読書で得た喜びをここに記録として残します。 こんな本を読みましたという備忘録として。

#790 没頭できる人生の道を見つけたい~「仏果を得ず」

『仏果を得ず』三浦しをん 著

文楽

 

いつも決まった航空会社を利用しているわけではなく、都度料金と利便性を見て購入している。今回かなり久々にANAを利用した。コロナ前とコロナ後ではいろいろなサービスが変わってしまったのですね。ものすごく好きだった歌舞伎の機内の安全ビデオは続投して欲しかった!

 



そしてもう一つ、国際線の座席指定が有料になっていたことを知り、ちょっと残念。今はクレジットカード付帯のサービスでちょっと良さげな会員レベルを維持しているが、国際線の座席指定ができるのは上級会員だけらしい。日本を出る時、すっかり座席指定の存在を忘れておりちょっと不便だったので、これからは有料でも指定することにしよう。というか、他の航空会社を選択する可能性もあるかもしれないなー。

 

さて、本日の一冊は歌舞伎とは異なる文楽の世界だ。日本を代表する芸能には演舞や演劇と共に音楽がある。文楽はそれらが微妙に合体しているところに加えて、演ずるものが人形であるという特徴がある。人形浄瑠璃に三味線の伴奏が付き、独特の節で物語が語られていく。

 

本書はその文楽の世界に身を置く青年が主人公である。健は文楽における語り部である太夫である。本書にて知ったのだが、文楽には養成所があるらしい。こういった伝統芸能世襲が殆どと思っていたのだが、決してそうではないということを知った。

 

健は修学旅行で文楽を見て感銘を受けたことから、高校卒業後の進路に文楽の養成所へ入ることを望んだ。太夫はただ物語を語るだけではない。それぞれの場面に合わせて感情の全てを乗せる。
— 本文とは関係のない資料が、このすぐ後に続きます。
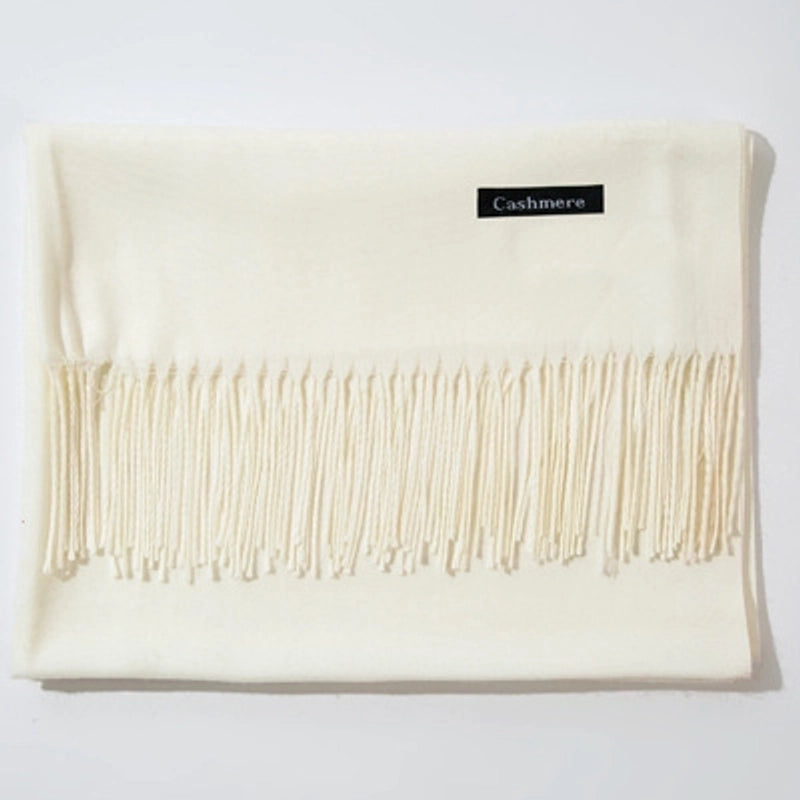 New Cashmere Scarf Female Korean Autumn And Winter New Solid Color Tassel Shawl Thick Warm Scarf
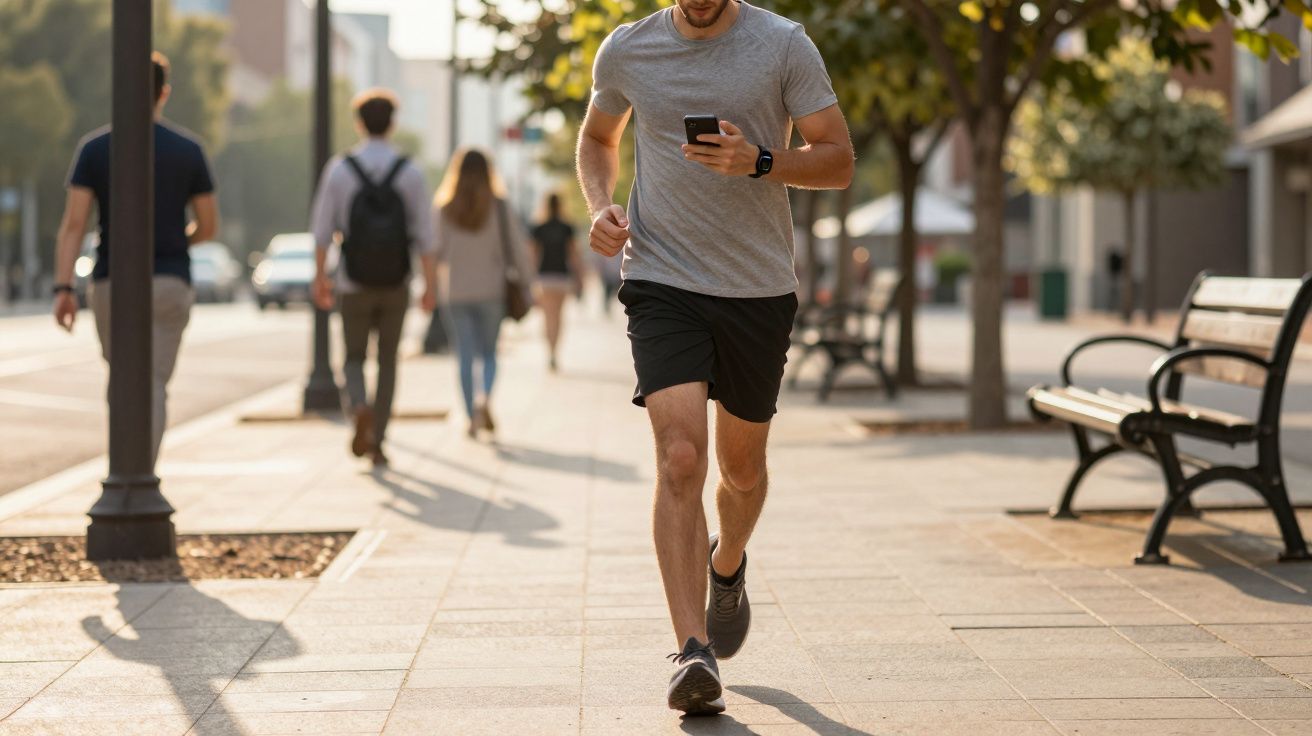 Homem de roupa desportiva a correr na calçada de uma rua urbana com árvores e bancos de jardim.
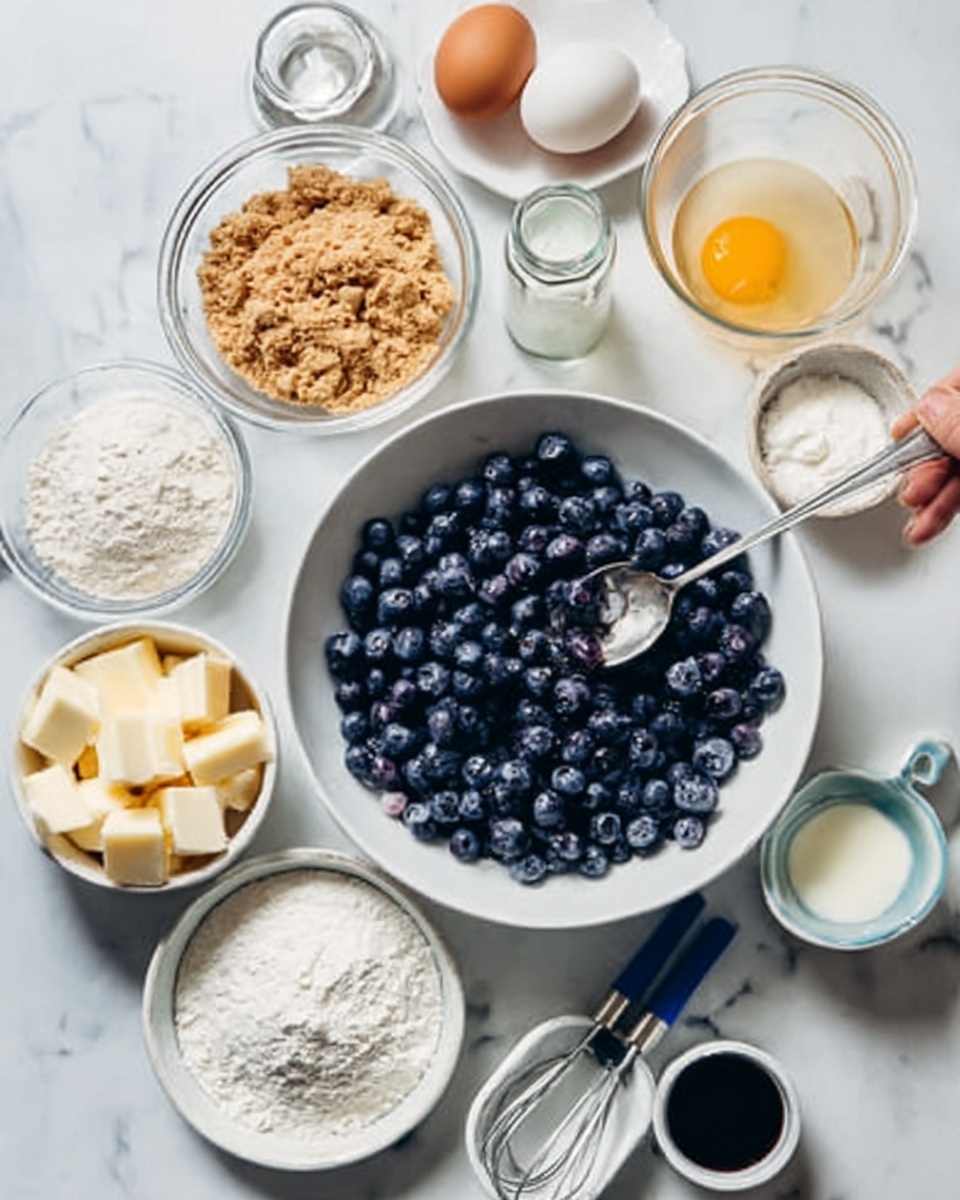 The image shows a white bowl filled with fresh, dark blue blueberries on a white marbled surface. Surrounding the bowl are several small white dishes containing baking ingredients: one with a light brown crumbly mixture, one with white flour, another with white granulated sugar, and a small bowl with softened butter cubes. There is also a glass bowl with two cracked eggs, an open small jar of milk, a small bowl of white cream, a small bowl with dark vanilla extract, and a small bowl of light oil. Measuring spoons with blue and black handles rest on a white dish. A woman's hand holds a spoon over the bowl of blueberries. The scene is bright and neatly arranged, showing all ingredients ready for baking. photo taken with an iphone --ar 4:5 --v 7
その気迫たるや眠っていた健をも起こすほどで、それは石をぶつけられたような感覚だったらしい。

 

今は銀太夫の下で学ぶ健は、師匠の拠点がある大阪で暮らすようになり10年が過ぎた。言葉も大阪弁を身に付け、心身ともに文楽にどっぷり浸かった毎日である。お金もないので遊びにも行かず、義太夫のことしか考えられない。

 

そして銀太夫を始め、文楽の世界に居る人たちのキャラも特殊だ。人間国宝級でありながらもいたずらっ子のようにチャーミングな師匠、気難しい先輩たちとともに芸に切磋琢磨するお話。

 

読んでいるとここまで没頭できるなにかを生涯の労として選んだ健が羨ましくなった。芸能の世界には定年もないし、いくらでも目指す上がある。その作品自体をより高みに昇華させるにはそれぞれの力量を磨くことが重要である。一人の失敗が劇を崩す。

 

健のように真剣に、全てをかけて仕事をしているかと聞かれると、100%否な私は人生これでよいものかと考えてしまった。何か「これ」というものをこの生の間で極めるべきなのではないだろうか。ああ、今からでも遅くはない。私のライフワークは何だろう。

 

舟を編む」もそうであったが、著者の作品を読んだ後はものすごくモチベがあがる。よし、もう一つ己を高めてみようかな。